====== Records supplied ======
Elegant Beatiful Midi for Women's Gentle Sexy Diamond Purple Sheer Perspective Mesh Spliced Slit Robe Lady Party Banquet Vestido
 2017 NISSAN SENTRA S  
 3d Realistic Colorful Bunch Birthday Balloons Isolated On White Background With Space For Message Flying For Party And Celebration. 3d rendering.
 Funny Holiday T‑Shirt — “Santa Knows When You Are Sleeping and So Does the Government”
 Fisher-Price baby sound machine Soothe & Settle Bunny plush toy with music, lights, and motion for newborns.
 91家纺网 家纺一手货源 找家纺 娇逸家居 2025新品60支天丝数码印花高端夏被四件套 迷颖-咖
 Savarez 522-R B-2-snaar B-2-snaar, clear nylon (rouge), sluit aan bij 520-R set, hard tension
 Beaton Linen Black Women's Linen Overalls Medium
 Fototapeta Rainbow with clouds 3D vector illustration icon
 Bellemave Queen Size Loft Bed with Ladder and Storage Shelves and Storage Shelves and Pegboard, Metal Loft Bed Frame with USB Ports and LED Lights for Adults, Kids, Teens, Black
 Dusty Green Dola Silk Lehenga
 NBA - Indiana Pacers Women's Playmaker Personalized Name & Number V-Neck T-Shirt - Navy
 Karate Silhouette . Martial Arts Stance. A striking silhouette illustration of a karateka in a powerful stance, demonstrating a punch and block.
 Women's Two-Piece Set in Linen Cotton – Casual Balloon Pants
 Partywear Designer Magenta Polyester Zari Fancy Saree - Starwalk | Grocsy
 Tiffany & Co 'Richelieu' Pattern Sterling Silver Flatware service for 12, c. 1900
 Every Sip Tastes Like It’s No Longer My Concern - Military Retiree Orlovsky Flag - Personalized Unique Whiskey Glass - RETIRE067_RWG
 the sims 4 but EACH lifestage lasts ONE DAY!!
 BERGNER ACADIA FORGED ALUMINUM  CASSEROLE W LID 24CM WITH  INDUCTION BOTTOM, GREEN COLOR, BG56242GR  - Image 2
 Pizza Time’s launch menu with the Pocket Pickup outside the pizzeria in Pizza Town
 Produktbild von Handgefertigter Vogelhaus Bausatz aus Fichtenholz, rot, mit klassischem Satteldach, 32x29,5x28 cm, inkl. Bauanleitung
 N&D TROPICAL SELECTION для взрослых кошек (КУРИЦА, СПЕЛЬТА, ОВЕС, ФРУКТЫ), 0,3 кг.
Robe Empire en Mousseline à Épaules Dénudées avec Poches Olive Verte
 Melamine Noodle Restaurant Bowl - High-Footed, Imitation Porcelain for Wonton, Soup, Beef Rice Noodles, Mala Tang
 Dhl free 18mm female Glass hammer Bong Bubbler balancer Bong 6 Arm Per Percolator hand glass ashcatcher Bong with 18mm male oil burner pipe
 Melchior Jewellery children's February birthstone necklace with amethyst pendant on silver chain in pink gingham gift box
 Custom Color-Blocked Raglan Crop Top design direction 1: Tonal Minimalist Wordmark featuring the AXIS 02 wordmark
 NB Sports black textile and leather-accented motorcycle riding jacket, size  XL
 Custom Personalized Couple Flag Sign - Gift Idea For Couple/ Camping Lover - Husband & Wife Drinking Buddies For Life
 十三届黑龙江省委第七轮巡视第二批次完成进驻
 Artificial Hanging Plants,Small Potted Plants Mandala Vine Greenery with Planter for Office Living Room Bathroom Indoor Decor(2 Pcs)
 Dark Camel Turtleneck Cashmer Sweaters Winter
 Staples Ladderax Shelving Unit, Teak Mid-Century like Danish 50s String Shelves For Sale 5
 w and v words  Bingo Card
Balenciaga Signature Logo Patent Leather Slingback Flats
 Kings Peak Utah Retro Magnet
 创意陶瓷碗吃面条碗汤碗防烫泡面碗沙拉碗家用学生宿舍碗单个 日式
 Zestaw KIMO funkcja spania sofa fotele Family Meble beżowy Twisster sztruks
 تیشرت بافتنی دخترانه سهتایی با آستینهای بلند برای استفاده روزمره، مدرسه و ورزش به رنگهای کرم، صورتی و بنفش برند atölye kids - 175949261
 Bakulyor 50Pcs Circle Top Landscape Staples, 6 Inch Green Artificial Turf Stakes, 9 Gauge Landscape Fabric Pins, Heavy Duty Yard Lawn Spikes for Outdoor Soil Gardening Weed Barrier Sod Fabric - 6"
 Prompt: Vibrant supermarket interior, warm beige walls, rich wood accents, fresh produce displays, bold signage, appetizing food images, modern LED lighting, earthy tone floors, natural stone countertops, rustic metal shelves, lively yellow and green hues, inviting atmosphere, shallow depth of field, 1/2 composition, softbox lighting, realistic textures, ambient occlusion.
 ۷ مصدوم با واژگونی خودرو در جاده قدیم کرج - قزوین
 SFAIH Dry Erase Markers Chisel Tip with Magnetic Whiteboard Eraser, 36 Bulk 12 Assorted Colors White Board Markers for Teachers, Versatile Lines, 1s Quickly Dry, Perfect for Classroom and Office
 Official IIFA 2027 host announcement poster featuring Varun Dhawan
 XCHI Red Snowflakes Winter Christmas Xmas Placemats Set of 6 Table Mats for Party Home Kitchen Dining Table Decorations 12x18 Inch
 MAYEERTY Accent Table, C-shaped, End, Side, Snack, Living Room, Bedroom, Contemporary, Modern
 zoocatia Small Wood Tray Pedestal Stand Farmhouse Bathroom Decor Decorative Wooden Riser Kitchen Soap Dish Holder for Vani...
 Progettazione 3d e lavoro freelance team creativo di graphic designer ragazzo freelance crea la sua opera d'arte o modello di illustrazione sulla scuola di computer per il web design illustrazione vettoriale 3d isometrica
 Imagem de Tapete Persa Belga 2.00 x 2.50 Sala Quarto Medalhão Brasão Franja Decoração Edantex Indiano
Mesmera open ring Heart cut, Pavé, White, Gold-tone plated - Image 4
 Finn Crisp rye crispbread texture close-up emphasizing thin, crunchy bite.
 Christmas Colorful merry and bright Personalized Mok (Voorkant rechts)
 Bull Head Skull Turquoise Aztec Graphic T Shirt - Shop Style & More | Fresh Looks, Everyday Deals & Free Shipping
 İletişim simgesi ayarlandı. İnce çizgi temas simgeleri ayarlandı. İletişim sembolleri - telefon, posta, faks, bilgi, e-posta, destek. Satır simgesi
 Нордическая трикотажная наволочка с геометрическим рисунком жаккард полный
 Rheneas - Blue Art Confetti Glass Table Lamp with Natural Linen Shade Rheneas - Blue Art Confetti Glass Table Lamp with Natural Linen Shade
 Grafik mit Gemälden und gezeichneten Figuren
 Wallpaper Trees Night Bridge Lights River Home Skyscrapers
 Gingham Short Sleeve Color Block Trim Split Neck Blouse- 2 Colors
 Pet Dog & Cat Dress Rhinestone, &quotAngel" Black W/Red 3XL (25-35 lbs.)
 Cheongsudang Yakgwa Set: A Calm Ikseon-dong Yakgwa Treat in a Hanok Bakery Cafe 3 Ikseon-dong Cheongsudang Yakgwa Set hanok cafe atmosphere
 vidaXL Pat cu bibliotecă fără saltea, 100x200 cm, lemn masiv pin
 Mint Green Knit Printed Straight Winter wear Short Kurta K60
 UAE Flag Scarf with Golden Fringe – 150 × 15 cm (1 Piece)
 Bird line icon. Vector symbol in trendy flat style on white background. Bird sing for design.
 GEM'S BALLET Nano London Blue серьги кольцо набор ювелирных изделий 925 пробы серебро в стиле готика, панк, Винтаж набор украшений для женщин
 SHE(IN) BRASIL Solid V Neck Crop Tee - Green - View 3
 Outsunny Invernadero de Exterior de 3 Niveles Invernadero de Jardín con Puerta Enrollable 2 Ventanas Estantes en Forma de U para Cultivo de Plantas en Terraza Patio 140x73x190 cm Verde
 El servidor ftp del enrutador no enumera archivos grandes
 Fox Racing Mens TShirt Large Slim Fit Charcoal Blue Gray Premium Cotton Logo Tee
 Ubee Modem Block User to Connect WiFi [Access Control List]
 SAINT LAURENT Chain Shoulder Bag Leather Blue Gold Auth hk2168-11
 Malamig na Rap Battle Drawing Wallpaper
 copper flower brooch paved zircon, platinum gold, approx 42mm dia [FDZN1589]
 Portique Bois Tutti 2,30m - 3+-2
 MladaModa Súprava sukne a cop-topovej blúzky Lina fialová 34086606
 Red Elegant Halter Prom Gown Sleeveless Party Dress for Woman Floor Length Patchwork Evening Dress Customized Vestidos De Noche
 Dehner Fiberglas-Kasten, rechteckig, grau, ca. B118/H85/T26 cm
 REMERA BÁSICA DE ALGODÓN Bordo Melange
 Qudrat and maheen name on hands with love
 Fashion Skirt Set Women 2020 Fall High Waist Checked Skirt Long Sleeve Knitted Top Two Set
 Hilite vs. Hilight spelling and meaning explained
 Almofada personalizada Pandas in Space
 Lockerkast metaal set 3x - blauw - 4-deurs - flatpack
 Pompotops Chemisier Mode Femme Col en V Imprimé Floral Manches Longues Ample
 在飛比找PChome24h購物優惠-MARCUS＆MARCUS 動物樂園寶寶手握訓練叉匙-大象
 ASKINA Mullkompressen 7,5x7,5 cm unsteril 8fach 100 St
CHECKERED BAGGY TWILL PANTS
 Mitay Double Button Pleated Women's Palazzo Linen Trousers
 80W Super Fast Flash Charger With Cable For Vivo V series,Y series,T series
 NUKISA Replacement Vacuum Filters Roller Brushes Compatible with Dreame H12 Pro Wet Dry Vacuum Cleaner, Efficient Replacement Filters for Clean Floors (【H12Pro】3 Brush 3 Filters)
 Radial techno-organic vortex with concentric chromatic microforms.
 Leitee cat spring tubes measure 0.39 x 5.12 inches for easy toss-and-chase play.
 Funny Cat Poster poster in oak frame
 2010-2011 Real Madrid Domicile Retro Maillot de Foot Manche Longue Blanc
======
Task to carry out.
In the entries above, the lines from the one bearing "Beaton Linen Black" up to and including the one bearing "Tiffany & Co" should be transcribed exactly; no other line is wanted.

Your response.
 Beaton Linen Black Women's Linen Overalls Medium
 Fototapeta Rainbow with clouds 3D vector illustration icon
 Bellemave Queen Size Loft Bed with Ladder and Storage Shelves and Storage Shelves and Pegboard, Metal Loft Bed Frame with USB Ports and LED Lights for Adults, Kids, Teens, Black
 Dusty Green Dola Silk Lehenga
 NBA - Indiana Pacers Women's Playmaker Personalized Name & Number V-Neck T-Shirt - Navy
 Karate Silhouette . Martial Arts Stance. A striking silhouette illustration of a karateka in a powerful stance, demonstrating a punch and block.
 Women's Two-Piece Set in Linen Cotton – Casual Balloon Pants
 Partywear Designer Magenta Polyester Zari Fancy Saree - Starwalk | Grocsy
 Tiffany & Co 'Richelieu' Pattern Sterling Silver Flatware service for 12, c. 1900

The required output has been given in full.